Can you return the records below exactly as they stand, but only from the first line through the one with "Desmodium obtusum"?
═══ Supplied material
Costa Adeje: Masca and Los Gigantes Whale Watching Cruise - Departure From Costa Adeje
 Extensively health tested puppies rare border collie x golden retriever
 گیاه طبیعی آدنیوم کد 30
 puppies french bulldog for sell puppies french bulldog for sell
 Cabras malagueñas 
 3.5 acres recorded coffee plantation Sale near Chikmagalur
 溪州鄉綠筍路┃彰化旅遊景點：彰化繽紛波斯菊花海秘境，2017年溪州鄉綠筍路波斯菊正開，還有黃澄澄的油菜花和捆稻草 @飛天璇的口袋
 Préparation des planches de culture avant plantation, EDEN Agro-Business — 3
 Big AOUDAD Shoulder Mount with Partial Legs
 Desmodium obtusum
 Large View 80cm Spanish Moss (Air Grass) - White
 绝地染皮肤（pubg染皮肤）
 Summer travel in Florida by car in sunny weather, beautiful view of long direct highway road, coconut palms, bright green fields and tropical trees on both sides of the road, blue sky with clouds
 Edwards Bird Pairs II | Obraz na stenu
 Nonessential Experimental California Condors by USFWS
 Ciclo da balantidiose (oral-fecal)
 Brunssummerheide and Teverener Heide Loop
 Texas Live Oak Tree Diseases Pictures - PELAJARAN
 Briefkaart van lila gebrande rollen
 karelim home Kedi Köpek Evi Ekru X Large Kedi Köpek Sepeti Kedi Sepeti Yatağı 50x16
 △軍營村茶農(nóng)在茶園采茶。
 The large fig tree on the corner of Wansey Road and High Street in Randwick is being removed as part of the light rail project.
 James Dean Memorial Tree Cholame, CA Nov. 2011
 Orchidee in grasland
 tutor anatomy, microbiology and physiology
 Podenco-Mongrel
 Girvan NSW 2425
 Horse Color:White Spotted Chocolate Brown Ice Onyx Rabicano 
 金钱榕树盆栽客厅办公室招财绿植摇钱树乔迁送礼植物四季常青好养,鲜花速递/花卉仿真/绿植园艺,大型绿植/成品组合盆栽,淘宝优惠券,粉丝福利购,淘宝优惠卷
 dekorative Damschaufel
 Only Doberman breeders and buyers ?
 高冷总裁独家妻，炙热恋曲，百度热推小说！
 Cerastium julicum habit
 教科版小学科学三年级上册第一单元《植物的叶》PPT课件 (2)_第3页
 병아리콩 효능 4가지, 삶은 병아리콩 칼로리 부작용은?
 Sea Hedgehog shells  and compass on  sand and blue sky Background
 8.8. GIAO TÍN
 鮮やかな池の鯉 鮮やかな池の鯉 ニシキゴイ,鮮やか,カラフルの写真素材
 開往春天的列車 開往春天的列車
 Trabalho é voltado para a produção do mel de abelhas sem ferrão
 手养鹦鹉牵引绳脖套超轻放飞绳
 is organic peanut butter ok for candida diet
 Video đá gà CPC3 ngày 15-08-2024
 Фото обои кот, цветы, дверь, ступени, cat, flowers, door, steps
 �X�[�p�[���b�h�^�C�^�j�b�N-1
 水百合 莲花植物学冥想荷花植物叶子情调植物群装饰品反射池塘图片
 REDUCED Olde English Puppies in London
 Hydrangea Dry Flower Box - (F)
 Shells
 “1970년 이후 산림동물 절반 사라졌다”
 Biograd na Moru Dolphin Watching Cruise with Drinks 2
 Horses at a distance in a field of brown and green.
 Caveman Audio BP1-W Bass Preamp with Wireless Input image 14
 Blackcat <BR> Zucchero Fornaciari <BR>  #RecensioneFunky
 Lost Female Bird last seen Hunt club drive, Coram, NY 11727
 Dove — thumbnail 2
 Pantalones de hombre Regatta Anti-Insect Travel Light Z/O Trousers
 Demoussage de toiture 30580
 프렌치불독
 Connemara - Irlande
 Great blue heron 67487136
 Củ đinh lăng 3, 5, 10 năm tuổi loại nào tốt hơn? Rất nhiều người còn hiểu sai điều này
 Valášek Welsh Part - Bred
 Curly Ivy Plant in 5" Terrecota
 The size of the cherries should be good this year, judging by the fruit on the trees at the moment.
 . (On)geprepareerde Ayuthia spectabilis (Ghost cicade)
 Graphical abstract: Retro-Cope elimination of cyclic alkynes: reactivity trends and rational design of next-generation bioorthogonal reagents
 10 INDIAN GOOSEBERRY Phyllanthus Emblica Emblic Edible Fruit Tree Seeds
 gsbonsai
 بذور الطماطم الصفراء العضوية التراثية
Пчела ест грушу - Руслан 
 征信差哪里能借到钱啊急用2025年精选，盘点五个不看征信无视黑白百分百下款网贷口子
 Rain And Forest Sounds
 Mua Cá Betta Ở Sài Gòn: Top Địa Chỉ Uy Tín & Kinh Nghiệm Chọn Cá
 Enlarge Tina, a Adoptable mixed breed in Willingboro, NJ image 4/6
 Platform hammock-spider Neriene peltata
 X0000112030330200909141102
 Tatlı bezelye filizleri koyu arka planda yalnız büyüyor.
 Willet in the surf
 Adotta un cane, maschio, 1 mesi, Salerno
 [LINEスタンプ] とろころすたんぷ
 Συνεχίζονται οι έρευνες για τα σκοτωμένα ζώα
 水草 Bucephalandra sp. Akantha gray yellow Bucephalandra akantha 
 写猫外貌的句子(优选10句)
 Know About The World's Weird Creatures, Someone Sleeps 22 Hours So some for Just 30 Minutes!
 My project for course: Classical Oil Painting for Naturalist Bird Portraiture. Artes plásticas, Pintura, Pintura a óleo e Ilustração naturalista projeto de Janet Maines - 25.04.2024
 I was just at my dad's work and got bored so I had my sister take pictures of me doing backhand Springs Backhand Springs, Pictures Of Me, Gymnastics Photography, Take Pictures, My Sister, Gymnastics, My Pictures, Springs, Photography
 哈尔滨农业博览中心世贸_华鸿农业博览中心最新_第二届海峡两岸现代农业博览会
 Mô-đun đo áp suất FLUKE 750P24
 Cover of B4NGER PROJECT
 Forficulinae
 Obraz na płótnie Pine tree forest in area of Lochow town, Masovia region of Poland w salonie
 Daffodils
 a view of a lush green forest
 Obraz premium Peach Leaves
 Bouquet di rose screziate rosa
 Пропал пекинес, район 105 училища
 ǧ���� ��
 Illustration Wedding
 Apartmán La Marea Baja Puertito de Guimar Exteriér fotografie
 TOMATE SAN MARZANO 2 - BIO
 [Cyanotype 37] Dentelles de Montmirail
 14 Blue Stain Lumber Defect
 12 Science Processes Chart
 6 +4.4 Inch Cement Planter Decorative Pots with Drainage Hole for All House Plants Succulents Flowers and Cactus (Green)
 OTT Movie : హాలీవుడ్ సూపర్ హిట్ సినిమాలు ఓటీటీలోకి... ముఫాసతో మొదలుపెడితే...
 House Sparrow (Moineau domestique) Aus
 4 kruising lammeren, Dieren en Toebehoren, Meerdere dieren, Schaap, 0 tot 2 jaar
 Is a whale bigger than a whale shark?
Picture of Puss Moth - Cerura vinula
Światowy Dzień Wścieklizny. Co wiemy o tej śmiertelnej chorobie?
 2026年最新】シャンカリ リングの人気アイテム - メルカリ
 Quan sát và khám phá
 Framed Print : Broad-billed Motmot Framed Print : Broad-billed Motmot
══════
§ **Answer to this exercise**:
Costa Adeje: Masca and Los Gigantes Whale Watching Cruise - Departure From Costa Adeje
 Extensively health tested puppies rare border collie x golden retriever
 گیاه طبیعی آدنیوم کد 30
 puppies french bulldog for sell puppies french bulldog for sell
 Cabras malagueñas 
 3.5 acres recorded coffee plantation Sale near Chikmagalur
 溪州鄉綠筍路┃彰化旅遊景點：彰化繽紛波斯菊花海秘境，2017年溪州鄉綠筍路波斯菊正開，還有黃澄澄的油菜花和捆稻草 @飛天璇的口袋
 Préparation des planches de culture avant plantation, EDEN Agro-Business — 3
 Big AOUDAD Shoulder Mount with Partial Legs
 Desmodium obtusum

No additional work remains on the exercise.